I'm quite pleased with my solution to this. It's a shell script called by generate() function from puppet manifest. Password for each host is generated and stored in simple file as needed.

#!/bin/bash
# /etc/puppet/helpers/bacula/getpwd

if [ "$#" -ne 1 ]; then
    echo "Usage: $0 <pwd_name>"
    exit 1
fi

if [ ! -x /usr/bin/pwgen ]; then
    echo "missing pwgen!" >&2
    exit 1
fi

workdir="/etc/puppet/helpers/bacula/"
workfile="$workdir/passwd"
[ ! -r $workfile ] && exit 2
get_name="$1"

# get password from storage
pwd=$(awk -F: -v name="$get_name" '
BEGIN      { r = "NOTFOUND" }
name == $1 { r = $2         }
END        { printf "%s", r }
' "$workfile")

if [ "$pwd" = "NOTFOUND" ]; then
    # generate new password & store it
    len=$((60 + $RANDOM % 9 ))
    pwd=$(/usr/bin/pwgen -s $len 1)

    echo "${get_name}:${pwd}" >> $workfile
fi

# echo password (without new line)
echo -n "$pwd"

Install pwgen or another password generation tool, modify workdir variable for your system settings, check password lengths. In template file call it:

Password = <%= scope.function_generate("/etc/puppet/helpers/bacula/getpwd", bacula_dirname) %>

Puppet variable bacula_dirname should be based on hostname or set from extlookup() e.g.:

$bacula_dirname = "${hostname}-dir"
3
    $secret = "super special complicated long secure random string"
    $password = sha1("${fqdn}${secret}")
    notify {$password:}

Import $secret from another file (perhaps that one puppet class that you don't keep in version control) and there you have it.
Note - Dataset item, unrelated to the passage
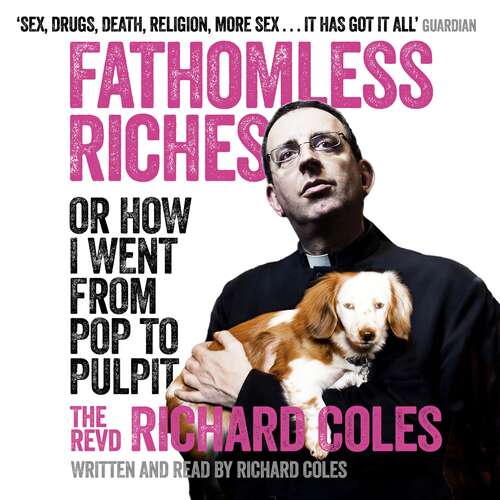 Book cover of Fathomless Riches: Or How I Went From Pop to Pulpit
Magic password generation.

Passwords can be changed globally by changing $secret or individually in each declaration by using something other than $fqdn.

0

An alternative is to set something up via extlookup() that you can then have per-machine uniqueness that doesn't depend on a common value.

In our case, we've done stuff like this with similar tools that needed more uniqueness than what a hashed value with a common secret gave us.

In site.pp

$extlookup_datadir = "/etc/puppet/manifests/extdata"
$extlookup_precedence = ["hostname/%{hostname}", "common"]

Then, your ext data would look like:

/etc/puppet/manifests/extdata
                             /common.csv
                             /hostname
                                      /foo.csv

Inside foo.csv, you'd put something like:

bacula_password,"J()*JF)jj0j20f9j02rj9<whatever>"

Then in your bacula module, you'd do

$bacula_password = extlookup('bacula_password')

which you could then reference in your template.

When the catalog is evaluated, the hostname "foo" would be found first in the ext precedence and the value of bacula_password would be pulled from there.